The input >>
'''

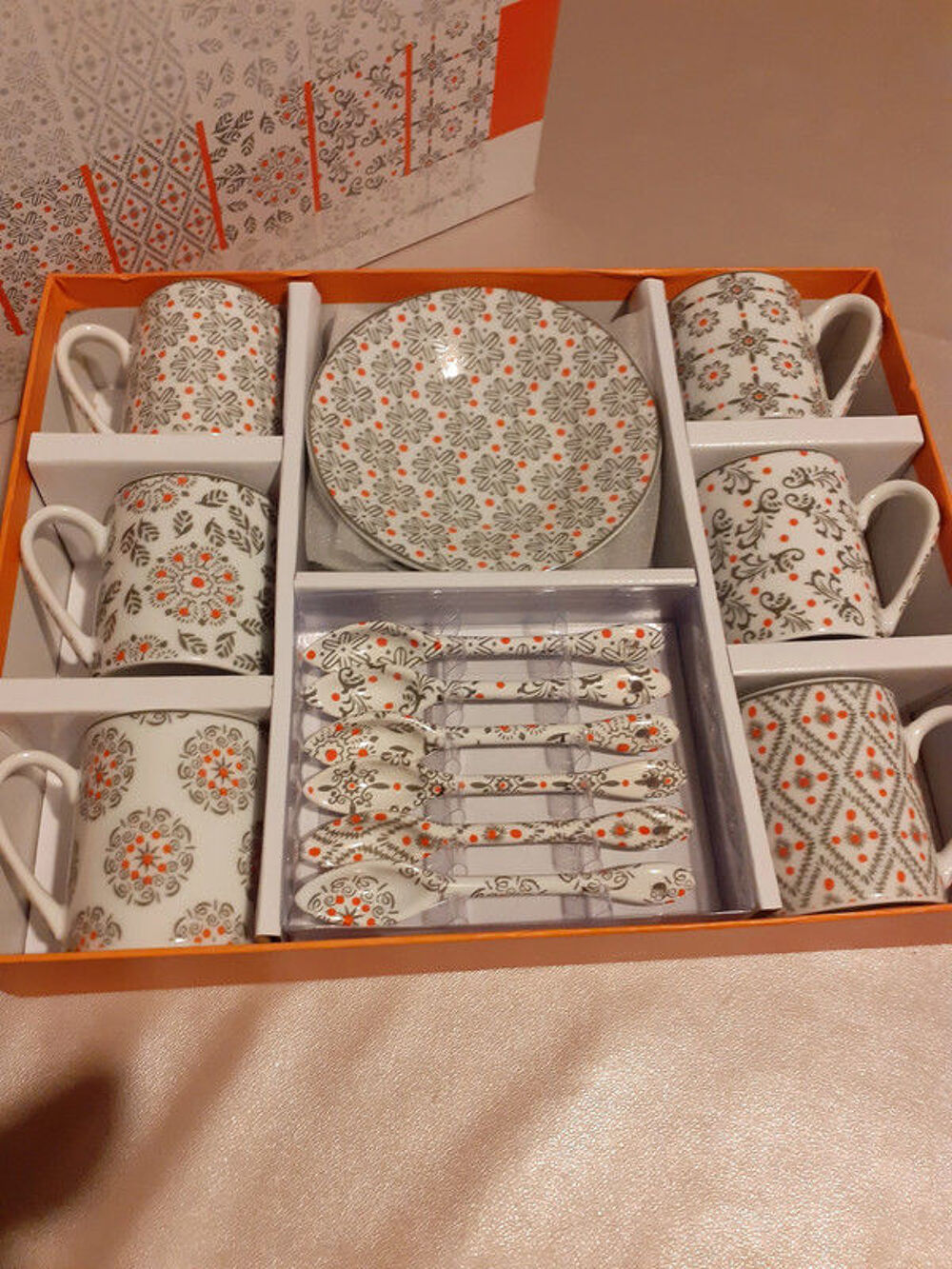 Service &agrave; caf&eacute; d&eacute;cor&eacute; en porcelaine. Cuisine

'''
'''

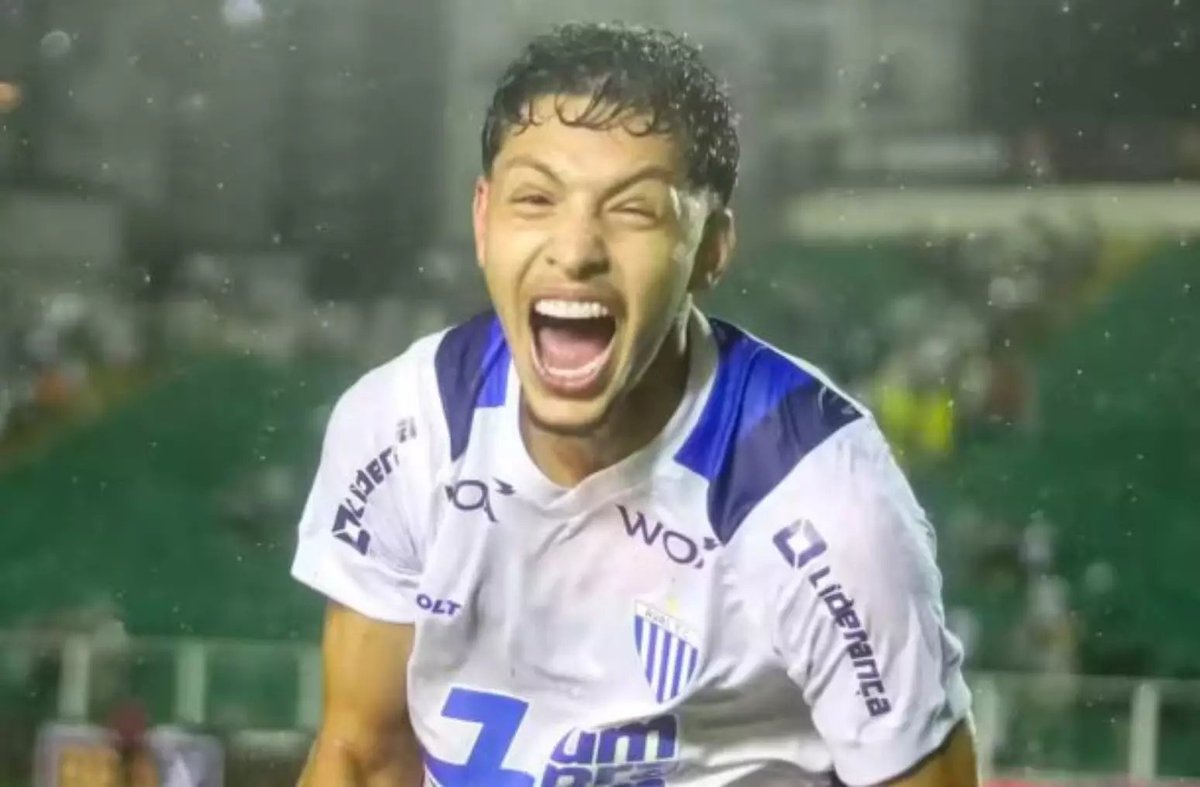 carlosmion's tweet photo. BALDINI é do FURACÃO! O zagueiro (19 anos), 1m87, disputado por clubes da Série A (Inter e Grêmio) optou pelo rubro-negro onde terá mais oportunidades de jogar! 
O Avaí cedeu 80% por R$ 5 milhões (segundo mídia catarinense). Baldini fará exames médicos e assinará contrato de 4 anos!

'''

What is expected >>
Return exactly the lines above, from the one with "carlosmion's tweet photo." up to and including the one with "O Avaí cedeu", and include no pictures.

Solution for this problem >>
 carlosmion's tweet photo. BALDINI é do FURACÃO! O zagueiro (19 anos), 1m87, disputado por clubes da Série A (Inter e Grêmio) optou pelo rubro-negro onde terá mais oportunidades de jogar! 
O Avaí cedeu 80% por R$ 5 milhões (segundo mídia catarinense). Baldini fará exames médicos e assinará contrato de 4 anos!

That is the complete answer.